# Kirby Puckett



## drobe5150 (Jan 21, 2005)

one of the best players of my generation, i loved watching him play.

r.i.p. kirby puckett

darrel


----------



## Katrina (Dec 16, 2004)

thats sad indeed.
RIP Kirby


----------



## Y-Guy (Jan 30, 2004)

Sad day for baseball.


----------



## Bull Elk (Feb 28, 2005)

I was at game 6 of the 1991 World Series and he was amazing.

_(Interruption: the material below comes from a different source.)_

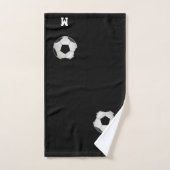 Voetbal & Monogram op zwart Bad Handdoek (Handdoek)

This was one of the few ball players that actually had other ball players asking him for an autograph at the All-Star games.
RIP - "KIR-beeeeeeeeee PUCK-it."


----------



## HootBob (Apr 26, 2004)

That is truely sad
RIP Kirby

Don


----------



## shake1969 (Sep 21, 2004)

He will be missed.

Of all the HOFs, he was the second youngest to die.

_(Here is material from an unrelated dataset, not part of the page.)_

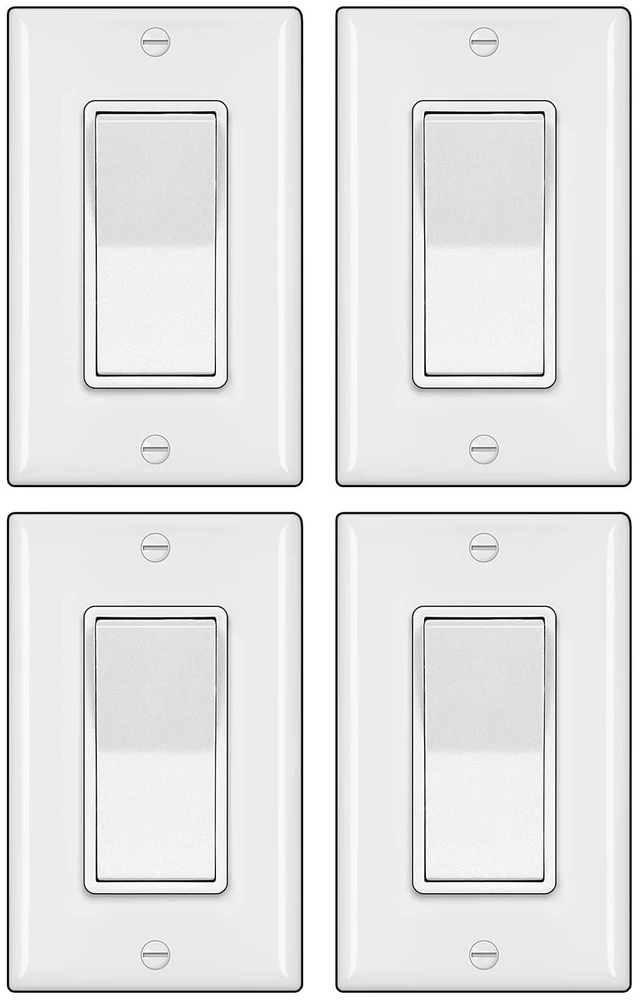 Main image of BESTTEN 4 Pack 3-Way Decorator Light Switch with Wallplate, 15A 120/277V, On/Off Rocker Paddle Interrupter, Electrical Wall Light Switches, Single Pole or Three Way, UL Listed, White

Only Lou Gehrig, at 37, was younger than Kirby, 45.


----------



## Oregon_Camper (Sep 13, 2004)

Who couldn't be a Twins fan when Kirby was in his prime? What a great player!

RIP Kirby


----------



## Swanie (Oct 25, 2004)

This is such a sad day for Minnesota -- a huge shrine is starting at the Minneapolis metrodome on Kirby Pucket Avenue. It's hit me hard because I am only a year younger than him -- he was TOO YOUNG to die.


----------



## McBeth (Feb 19, 2005)

As a Tiger's fan I hated to see him come to town, but he was always fun to watch !

He will be missed !

RIP Kirby


----------



## Pakeboy2 (Aug 13, 2005)

RIP Kirby...you will be missed!!!


----------



## NDJollyMon (Aug 22, 2003)

As a born and raised Minnesotan...I loved Kirby too.

May he rest in peace.


----------